The experience of watching Guillermo del Toro’s new film The Shape of Water is like that of buying and eating an elaborately manufactured and fussily packaged epicurean dessert, the kind that upmarket department stores promote in their northern-suburbs branches over Christmas. The lavish presentation may resemble that of haute cuisine, but the formula conforms to industry staples and packs heady dosages of sugar and fat, for immediate gratification and easy consumption.
That comparison is somewhat unfair: Del Toro’s film involved many conscientious craftsmen and many hours of labour, and even the most pedestrian of Hollywood studio productions deal in narrative and concepts, human emotions and ideas — the stuff of which Woolworths doesn’t generally construct its weekly food catalogues.
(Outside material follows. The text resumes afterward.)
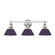 Orwell Three Light Vanity in Chrome (62|3306BA3CHEP)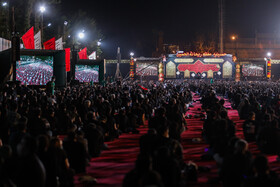 آیین عزاداری حسینی در هیات ریحانه الحسین(ع)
And del Toro knows how to mix in ideas with his sweetener; the only other of his films that I’ve seen is Pan’s Labyrinth (and about half an hour of Hellboy II: The Golden Army), which ran its narrative course through a prismatic view of fascism as well as the full gamut of psychoanalytical insights on childhood fantasies.
Though Pan’s Labyrinth is the film that took a stark view of particular brutalities during the Spanish Civil War and The Shape of Water is the one that centres on a fairytale romance between a dewy-eyed innocent and a colourful water creature, it’s the former which played as an ingenuous Freudian expedition through the preoccupations of childhood, while The Shape of Water has the feel of a more tempered and more adult look at things.